**Description of the task:**
Exactly as written, retype the lines that run from the line holding "Old Navy Long-Sleeve" through the end of the records below. Do not include pictures.

#####

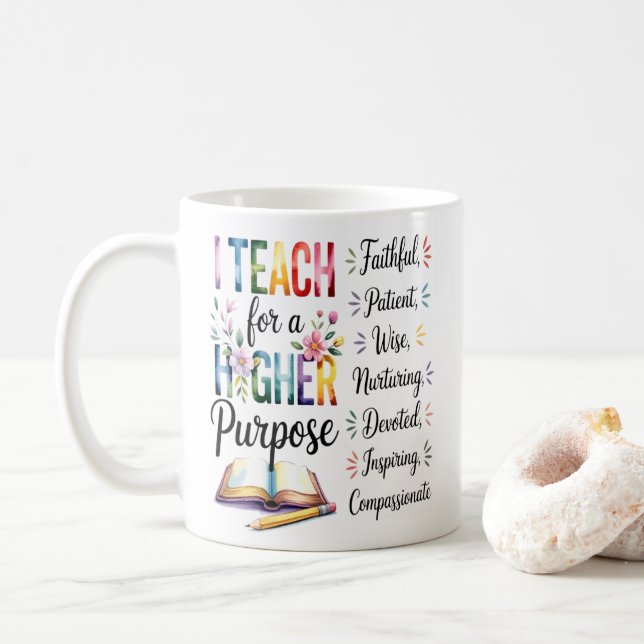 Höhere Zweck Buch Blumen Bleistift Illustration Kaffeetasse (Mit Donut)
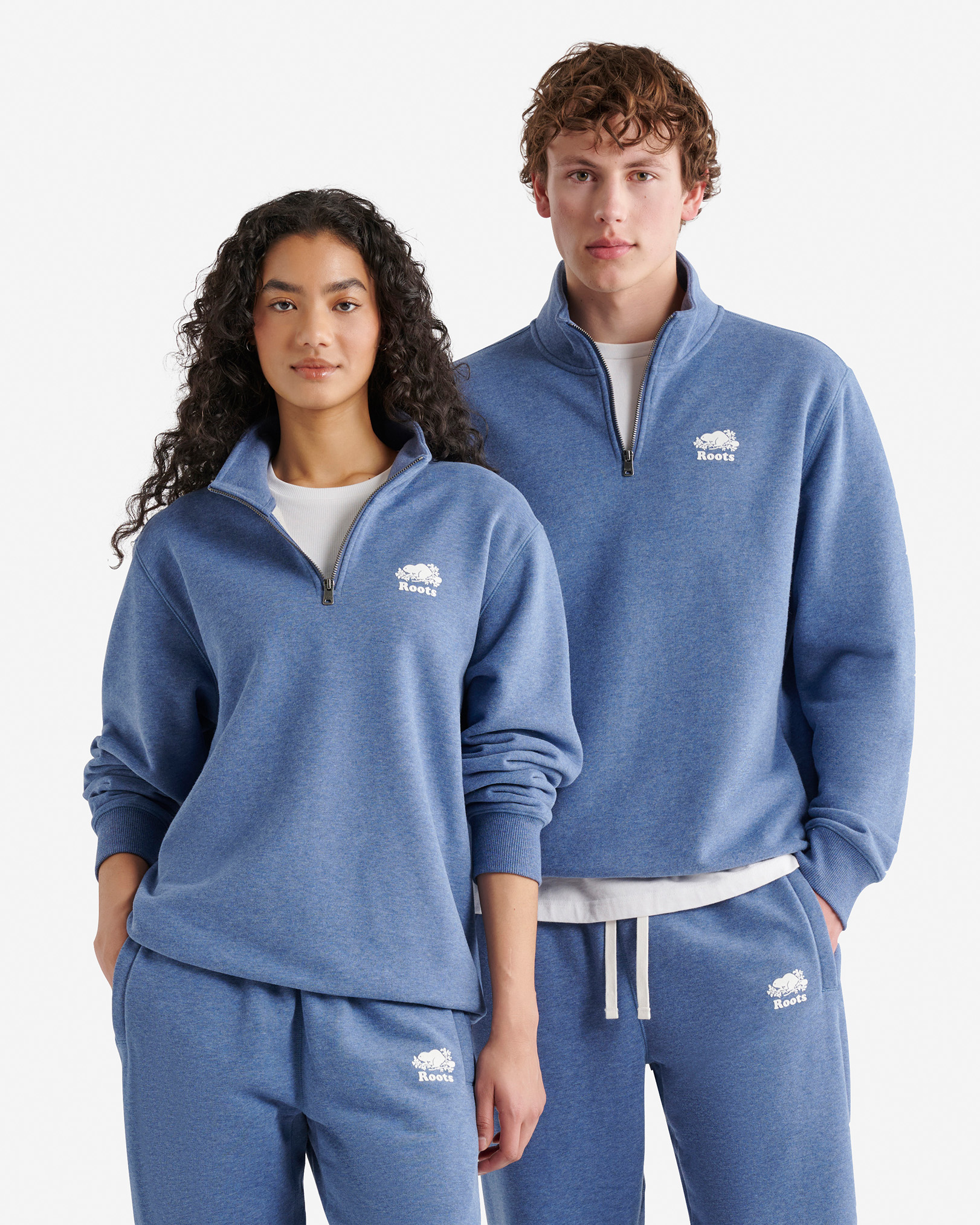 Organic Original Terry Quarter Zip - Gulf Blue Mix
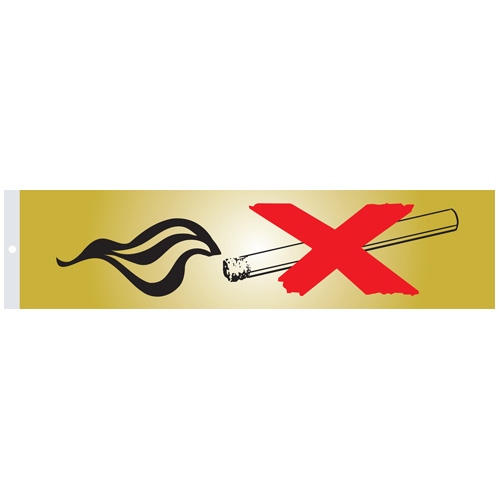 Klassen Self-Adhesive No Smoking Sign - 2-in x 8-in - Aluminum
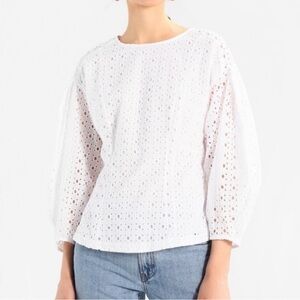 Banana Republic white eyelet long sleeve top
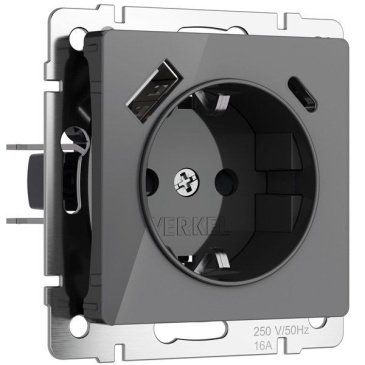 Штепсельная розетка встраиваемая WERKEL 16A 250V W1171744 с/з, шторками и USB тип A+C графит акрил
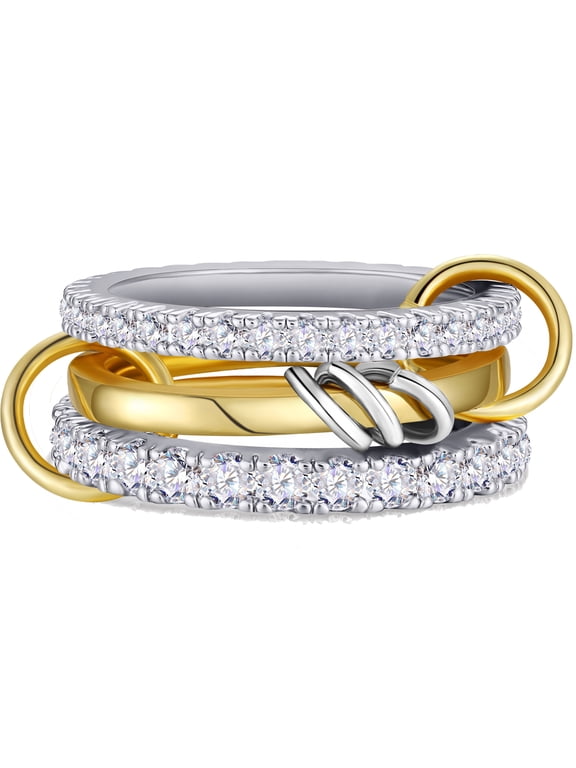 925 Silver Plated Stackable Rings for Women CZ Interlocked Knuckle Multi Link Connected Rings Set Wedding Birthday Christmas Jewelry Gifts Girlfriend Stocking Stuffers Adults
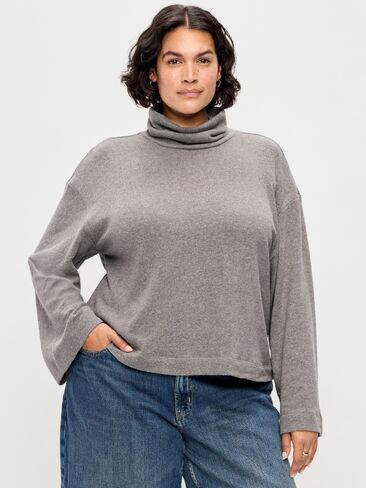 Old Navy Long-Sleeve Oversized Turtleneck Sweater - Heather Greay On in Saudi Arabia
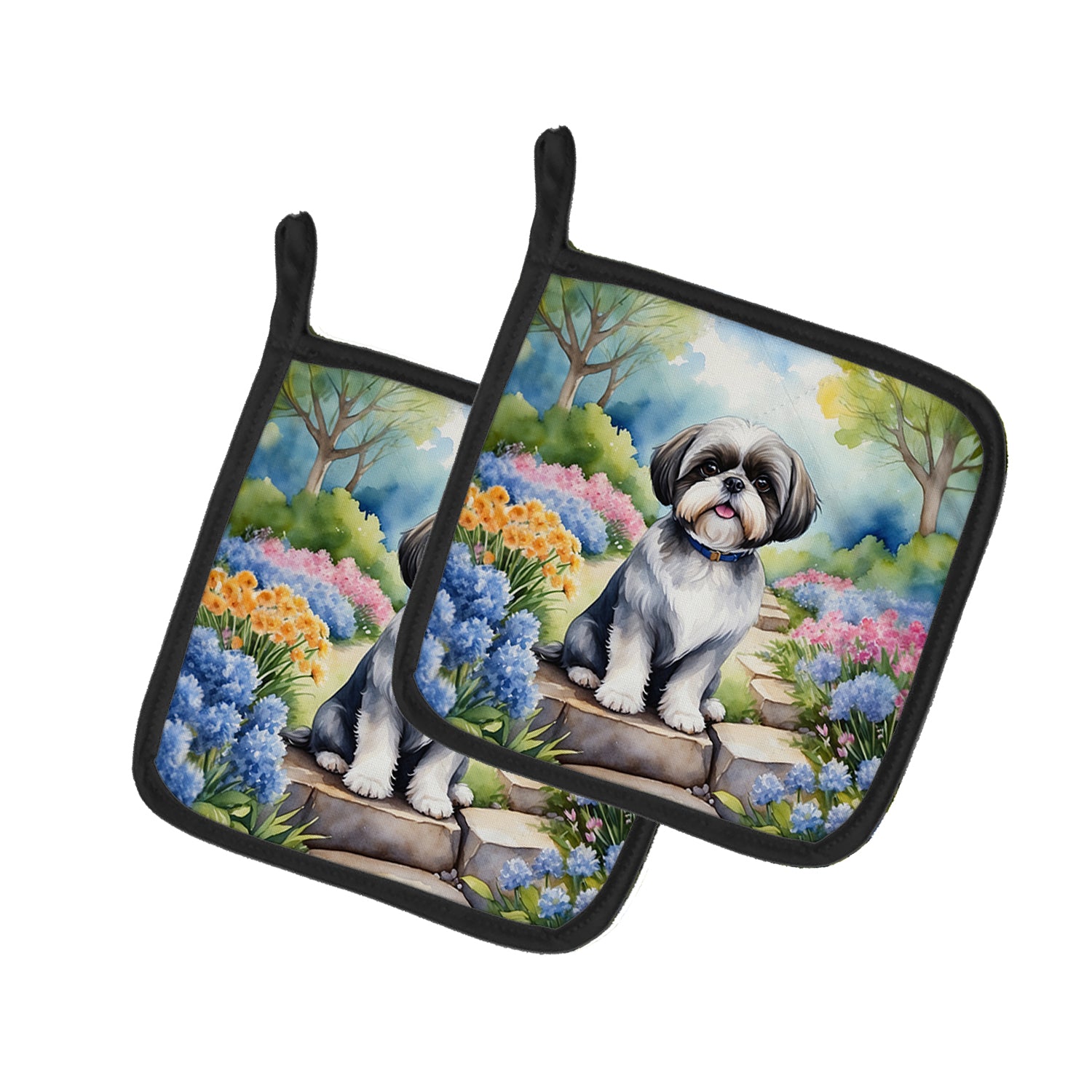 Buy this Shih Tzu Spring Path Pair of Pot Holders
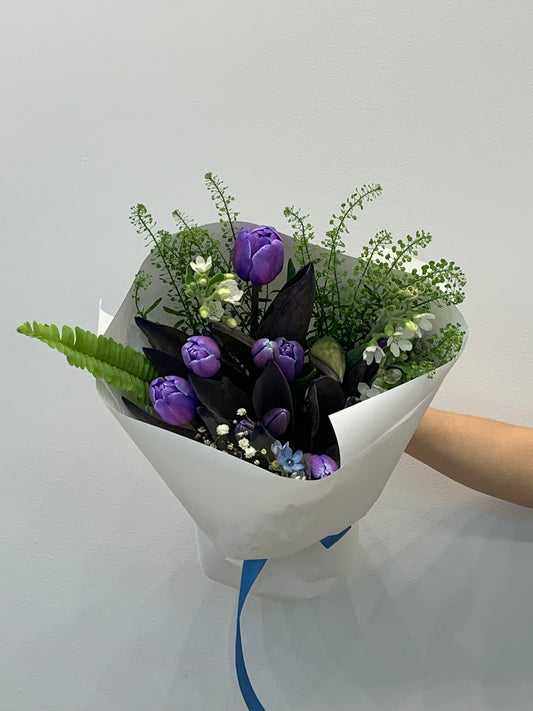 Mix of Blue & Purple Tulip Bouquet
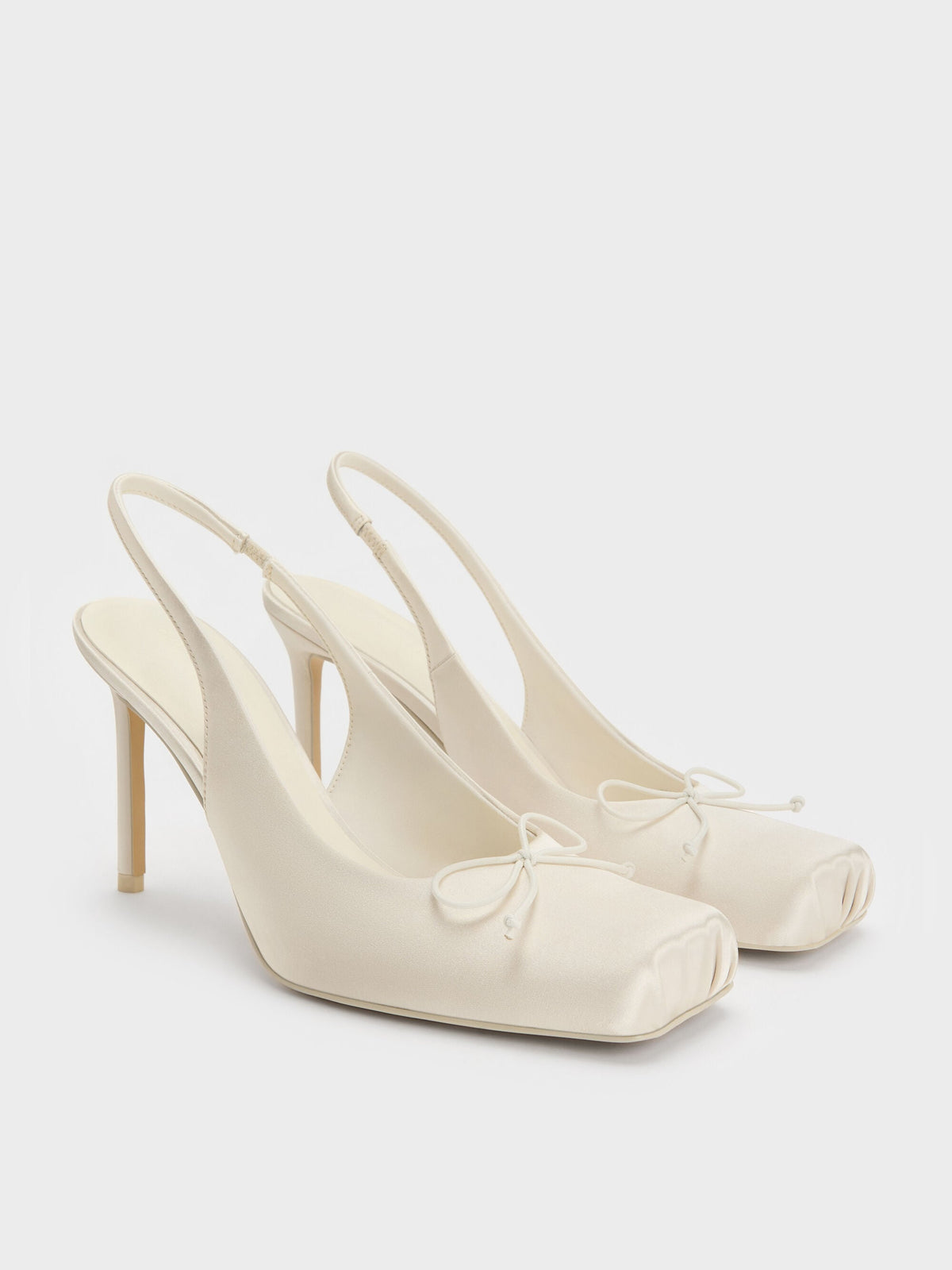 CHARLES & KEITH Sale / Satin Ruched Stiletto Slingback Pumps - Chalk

#####

**Solution to the exercise:**
 Old Navy Long-Sleeve Oversized Turtleneck Sweater - Heather Greay On in Saudi Arabia
 Buy this Shih Tzu Spring Path Pair of Pot Holders
 Mix of Blue & Purple Tulip Bouquet
 CHARLES & KEITH Sale / Satin Ruched Stiletto Slingback Pumps - Chalk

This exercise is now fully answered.